Neon or xenon atoms can also be included in solid nitrogen in the β and δ phases. Inclusion of neon pushes the β−δ phase boundary to higher pressures. Argon is also very miscible in solid nitrogen. For compositions of argon and nitrogen with 60% to 70% nitrogen, the hexagonal form remains stable to 0 K. A van der Waals compound of xenon and nitrogen exists above 5.3 GPa. A van der Waals compound of neon and nitrogen was shown using Raman spectroscopy. The compound has formula (N2)6Ne7. It has a hexagonal structure, with a=14.400 c=8.0940 at a pressure of 8 GPa. A van der Waals compound with argon is not known.
Solid nitrogen can take up to a one fifth substitution by oxygen O2 and still keep the same crystal structure. δ-N2 can be substituted by up to 95% O2 and retain the same structure. Solid O2 can only have a solid solution of 5% or less of N2.
Solid nitrogen is used in a slush mixture with liquid nitrogen in order to cool faster than with liquid nitrogen alone, useful for applications such as sperm cryopreservation.
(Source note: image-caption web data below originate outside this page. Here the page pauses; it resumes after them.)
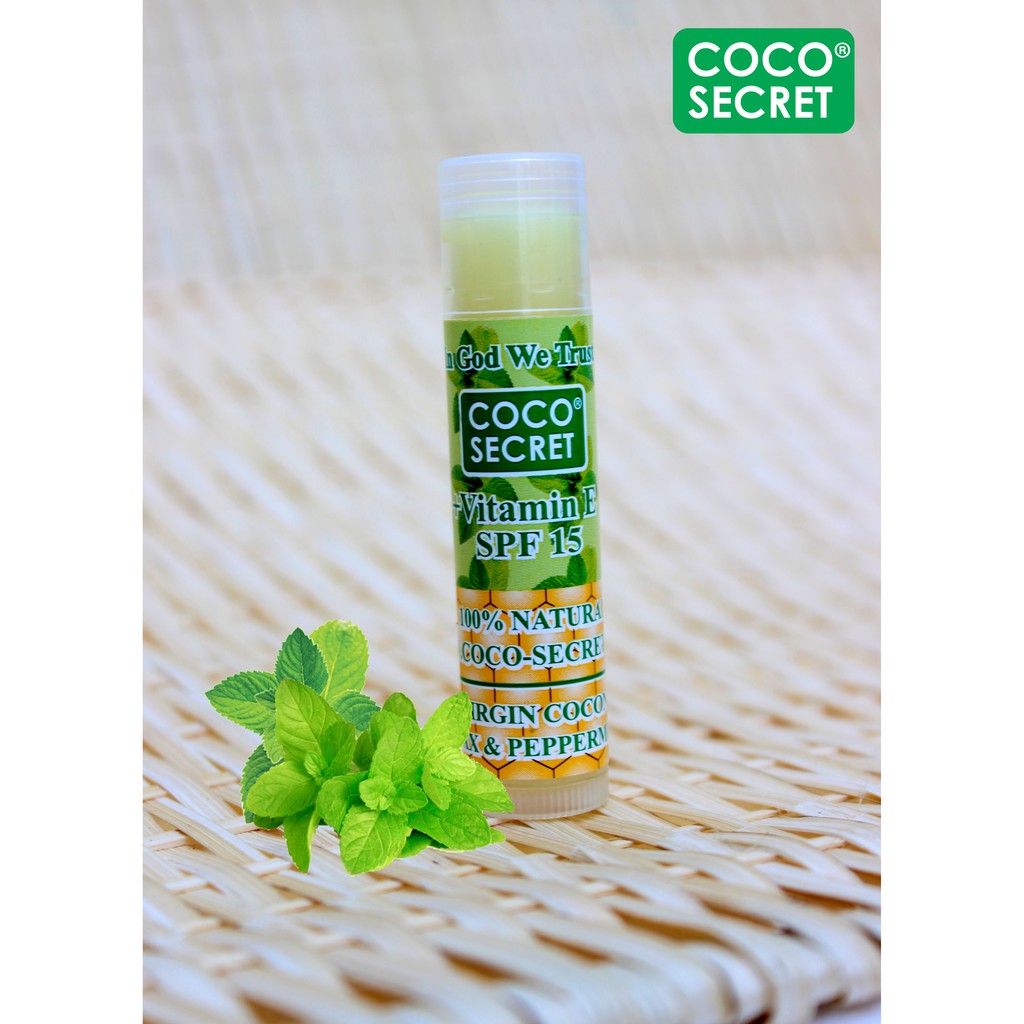 Son dầu dừa sáp ong Bạc hà Coco Secret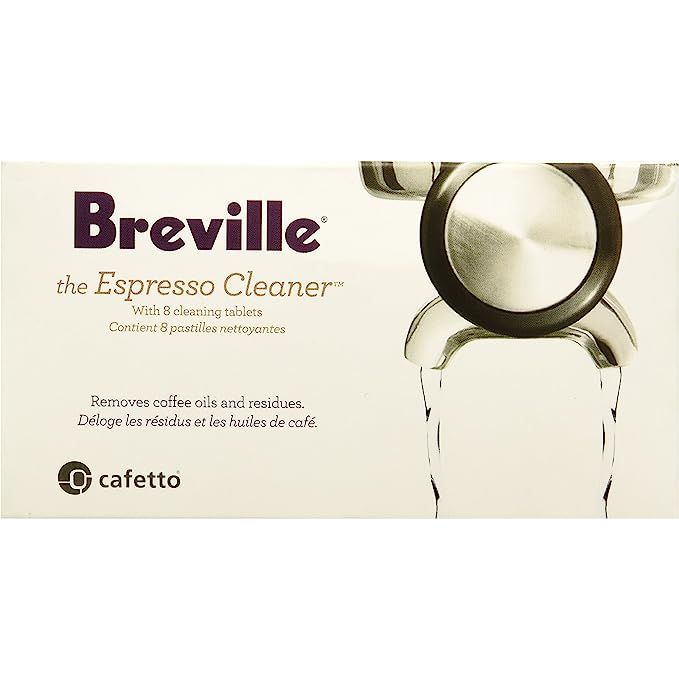 Introducing the Breville Espresso Cleaning Tablets (8 pack), BEC250 - a must-have for every coffee enthusiast who owns a Breville Espresso machine. These tablets are expertly crafted to cleanse the internal components of your machine, guaranteeing optimal performance for every brew.

With eight tablets per pack, keeping your machine in tip-top shape has never been easier. Simply insert one tablet into the cleaning disc and follow the manufacturer's instructions for a hassle-free cleaning process. Watch as the tablet dissolves rapidly, unleashing a potent cleaning solution that eliminates coffee oils, residue, and stubborn build-up from your machine's internal parts.

By using these cleaning tablets regularly, you can elevate the flavor of your espresso to new heights. Say goodbye to any unpleasant taste caused by lingering oils and residue. These tablets ensure that your machine consistently produces top-notch espresso, sip after delightful sip.

Compatible with Breville's Barista Express, Barista Touch, Bambino Plus, and Infuser espresso machines, as well as other machines that utilize a cleaning disc, the BEC250 cleaning tablets are versatile and reliable. Don't settle for anything less than the best - make the Breville Espresso Cleaning Tablets (8 pack), BEC250 an essential addition to your coffee ritual. Experience the difference they make firsthand - easy to use, highly effective, and instrumental in keeping your machine operating at its peak performance.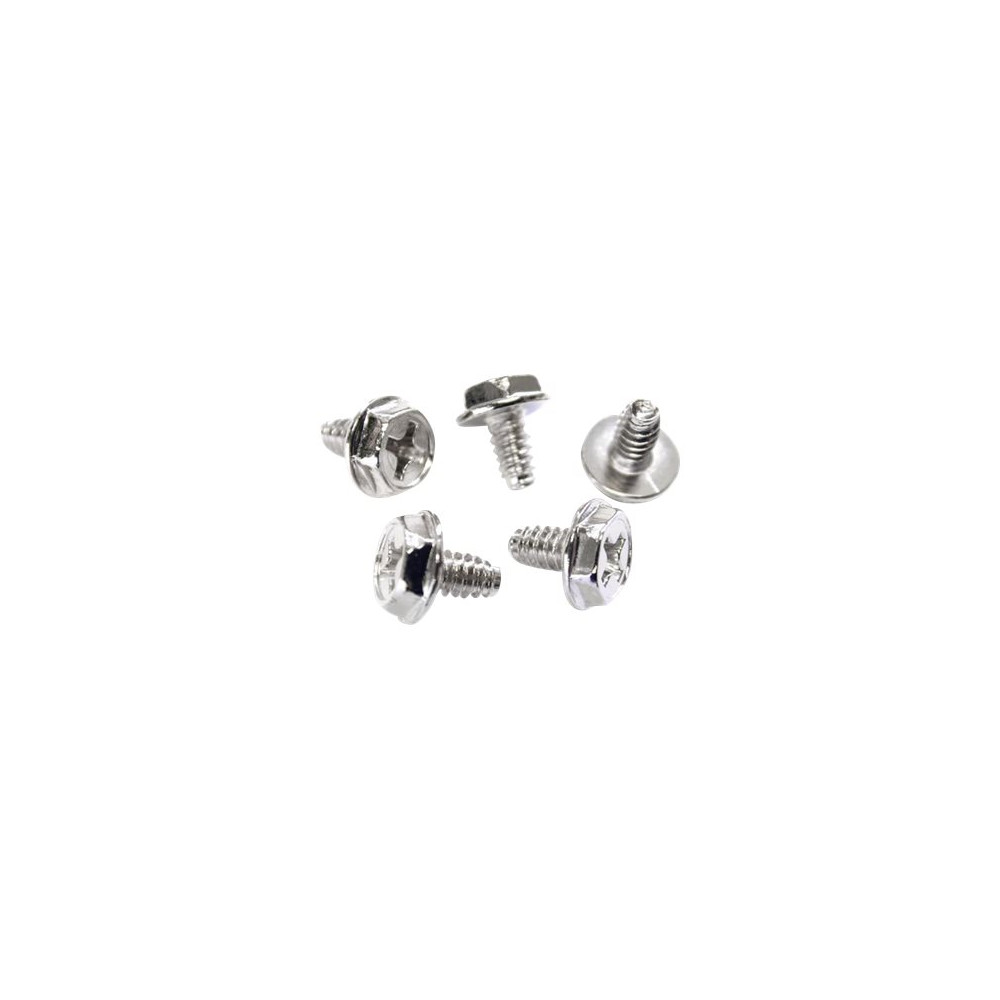 Produktbild för StarTech.com Replacement PC Mounting Screws #6-32 x 1/4in Long Standoff - Screw kit - silver - 0.2 in (pack of 50) - SCREW6_32 - skruvsats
The semi-solid mixture can also be called slush nitrogen or SN2.
Solid nitrogen is used as a matrix on which to store and study reactive chemical species, such as free radicals or isolated atoms. One use is to study dinitrogen complexes of metals in isolation from other molecules.
When solid nitrogen is irradiated by high speed protons or electrons, several reactive radicals are formed, including atomic nitrogen (N), nitrogen cations (N+), dinitrogen cation (N2+), trinitrogen radicals (N3 and N3+), and azide (N3−).